Reguarding a traditional horse race appropriatly called "suicide race" that takes place every year at the rodeo in Omak, WA.

Wondering what the views of others are on this issue. After inquiry of people that live in WA and are already a bit desensitized I was still pretty surprised to hear what some think about this event.... very surprised actually. I attended the rodeo (front row seats right behind the bull chutes) and wittnessed the evening heat of the suicide race back in 2004. After seeing what happened that year (same thing that has happen many years prior) I can easily say that I would never take my kids to see the race! Don't get me wrong, I dig a good redeo but, wow... that was too much for me! (my dad grew up in Omak and I still have family living there. My aunt and uncle invited my dad and I to the rodeo that year)

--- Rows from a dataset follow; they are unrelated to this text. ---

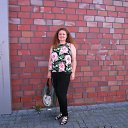 ���� Angela, �������, 52 ���� - ��������� 20 ���� 2018 � ������ ���� ����������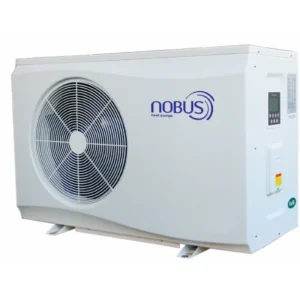 Pompa de caldura NOBUS pentru piscina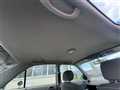 1999 Toyota Carina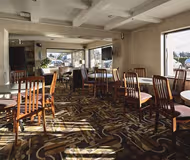 Clearbrook Rd Aparthotel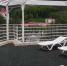 ________thumb_main - Sibnovosti.ru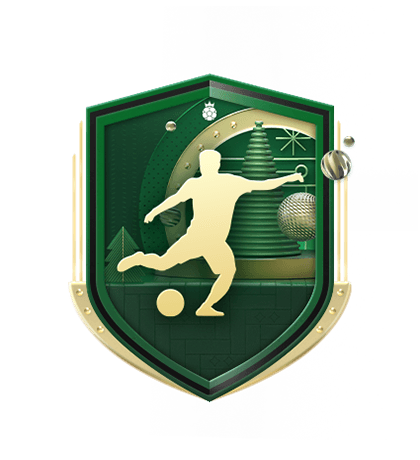 Sfide Creazione Rosa Diego Forlán logo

I believe the main reason the race has survived over the years is due to the "tradition" issue. Both for the rodeo itself and the tribe local to that area. I'm pretty amazed either of those reasons have swayed animal welfare enforcement this long!

warning: death and debatable/alleged abuse of horses mentioned in the following links.

http://en.wikipedia.org/wiki/Suicide_Race

http://www.omakstampede.org/?page=suicide

http://www.paws.org/outreach/campaigns/omak.php

if you are curious about how the course actually looks just type in "suicide race omak" into the search bar at youtube.com. You'll find both pro and anti videos. Some contain actual video of death of horses during the race so don't watch if you aren't prepared to see that.


----------



## Rhiannon Feimorgan (Aug 26, 2005)

I'm going to move this to Activism. This topic isn't really about household pets.

Please keep the Activism Guidelines in mind when posting.


----------



## mesa (Aug 19, 2006)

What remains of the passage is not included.